[GIVEN INFORMATION]
· · · · · · ·

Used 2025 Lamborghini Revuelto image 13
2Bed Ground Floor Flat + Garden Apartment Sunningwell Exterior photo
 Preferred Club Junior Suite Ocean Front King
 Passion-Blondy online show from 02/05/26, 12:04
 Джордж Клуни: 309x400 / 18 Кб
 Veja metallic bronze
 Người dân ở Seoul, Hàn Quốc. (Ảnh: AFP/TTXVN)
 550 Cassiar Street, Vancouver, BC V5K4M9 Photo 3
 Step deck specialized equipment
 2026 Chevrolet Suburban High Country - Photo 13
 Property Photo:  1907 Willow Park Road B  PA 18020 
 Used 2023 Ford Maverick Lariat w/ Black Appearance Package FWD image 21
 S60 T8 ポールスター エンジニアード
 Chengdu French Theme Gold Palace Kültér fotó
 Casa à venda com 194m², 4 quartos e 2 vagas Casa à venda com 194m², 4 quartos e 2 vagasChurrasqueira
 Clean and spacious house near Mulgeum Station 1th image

· · · · · · ·

[EXERCISE]
Copy out, word for word, the part of the entries above that begins at the line with "2026 Chevrolet Suburban" and ends at the line with "Chengdu French Theme Gold Palace Kültér fotó", including both.

[SOLVED PROBLEM]
 2026 Chevrolet Suburban High Country - Photo 13
 Property Photo:  1907 Willow Park Road B  PA 18020 
 Used 2023 Ford Maverick Lariat w/ Black Appearance Package FWD image 21
 S60 T8 ポールスター エンジニアード
 Chengdu French Theme Gold Palace Kültér fotó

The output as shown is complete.